La Uil Fpl Liguria esprime forte preoccupazione per la decisione di destinare oltre 3 milioni di euro per coprire circa 600 turni di medici a gettone nell’Asl 1 Imperiese, scelta assunta dalla nuova Ats Liguria guidata dal direttore generale Marco Damonte Prioli.
«Ancora una volta si ricorre a soluzioni emergenziali e molto costose per garantire la continuità dei servizi sanitari – spiega Milena Speranza, segretaria generale Uil Fpl Liguria – Se per mantenere aperti reparti fondamentali come cardiologia, psichiatria, ostetricia e ginecologia o addirittura il punto nascita di Sanremo si devono spendere milioni per professionisti a gettone, significa che il sistema sanitario pubblico sta pagando anni di carenza di programmazione e di mancanza di personale».
Per la Uil Fpl Liguria la sanità pubblica “non può reggersi sui medici a gettone”. «Si tratta di uno strumento emergenziale che rischia di diventare strutturale, con costi sempre più elevati per il sistema e senza garantire continuità organizzativa nei reparti – prosegue Speranza – Il problema è ormai evidente: i concorsi vanno spesso deserti, soprattutto nei territori più periferici della regione, segno che il sistema sanitario pubblico fatica ad attrarre nuovi professionisti se non si interviene sulle condizioni di lavoro, sulla valorizzazione del personale e su una vera programmazione delle assunzioni».

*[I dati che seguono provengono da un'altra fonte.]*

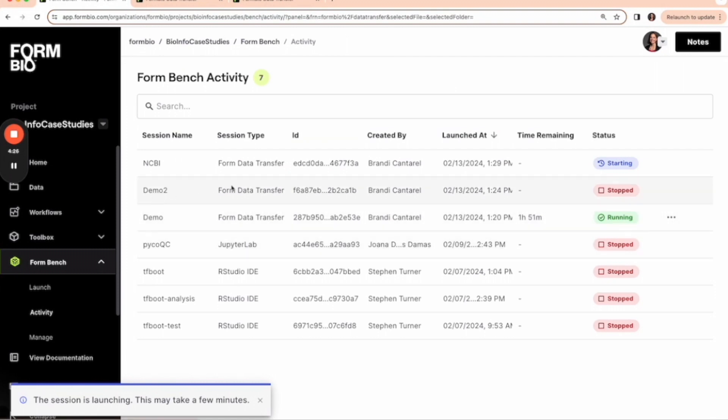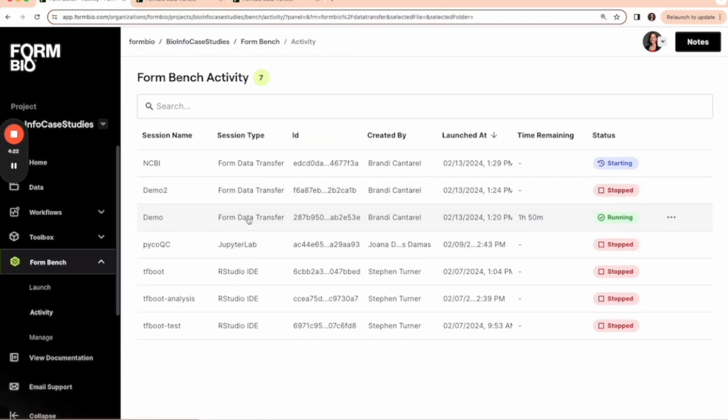I've already created an instance, so let's get started.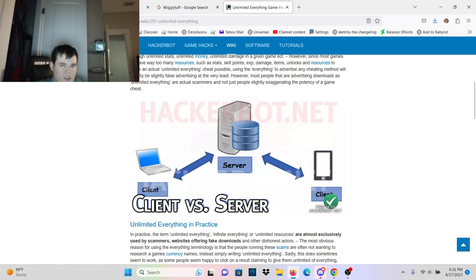A server which cannot be changed by any means.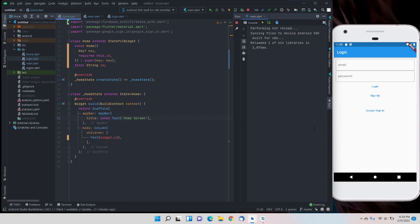Hello everyone, welcome back to Beyond Programming. In the previous videos we finished our Firebase authentication — we covered Google sign-in, normal sign-in, login, creating a user, and signing up. Now we will move on to the database.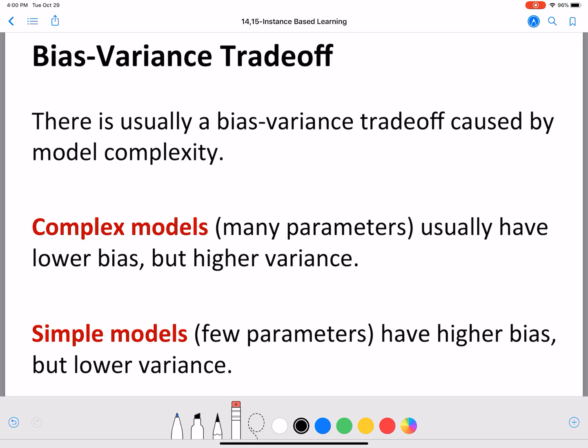Simpler models — such as perceptrons, simple neural networks with fewer layers and fewer nodes per layer, SVMs with simpler kernels, and naive Bayes — have fewer parameters. They generally have higher bias in the sense that when you predict, they are off a lot from the right value. But they have low variance, which means every time we run the model we get more or less the same prediction value, giving the model a certain amount of dependability.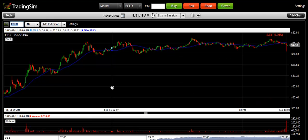Hello, everyone. This is Al Hill from TradingSim.com. Today, we'll be discussing the Day Trading Cup Breakout Strategy, as presented by Ken Calhoun.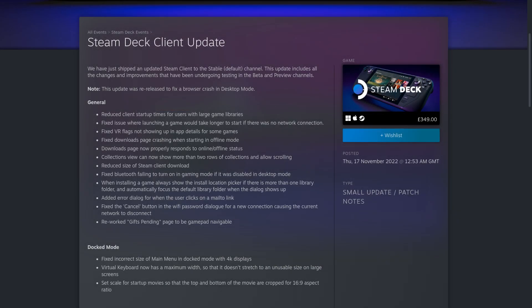They added an error dialog for when the user clicks a mail to link. Fixed the cancel button in the wifi password dialog for a new connection causing the current network to disconnect. And they reworked the GIF's pending page to work with the gamepad.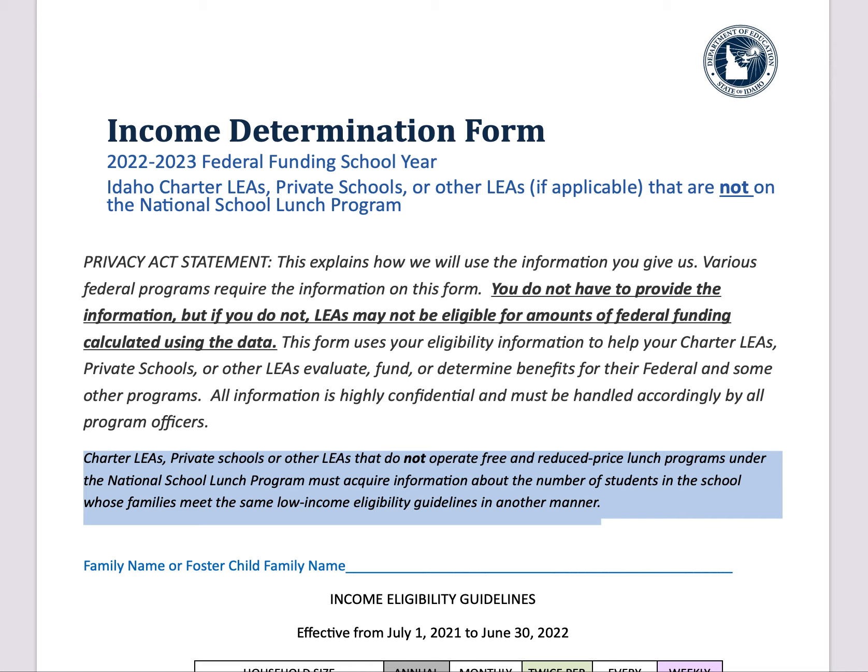To fill out this information, first off, there's a Privacy Act statement allowing you to know that the information on this form is provided only to those who are in need of the information for the purposes explained according to House Bill 790. You do not have to provide this information, but if you do not, LEAs or local education agencies may not be eligible for amounts of federal funding calculated by using this form.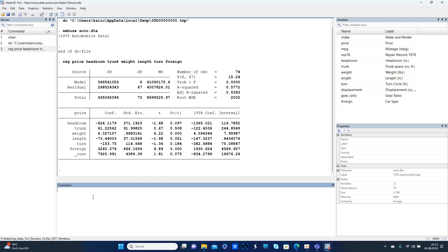Why? Imagine if you have a dataset with a lot more variables and you don't want to type them all the time. So that's why you create local macros. There's a difference between global and local, and I'm gonna spare the details because that's what you can read up on later.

La Uil Fpl Liguria ribadisce la necessità di un piano straordinario di reclutamento e valorizzazione del personale sanitario, insieme a un confronto serio con le organizzazioni sindacali per affrontare in modo strutturale la carenza di medici, infermieri e operatori sanitari. «Se dopo la nascita della Ats Liguria la soluzione resta spendere milioni per i gettonisti, è legittimo chiedersi se la riorganizzazione della sanità ligure stia davvero funzionando», aggiunge la sindacalista.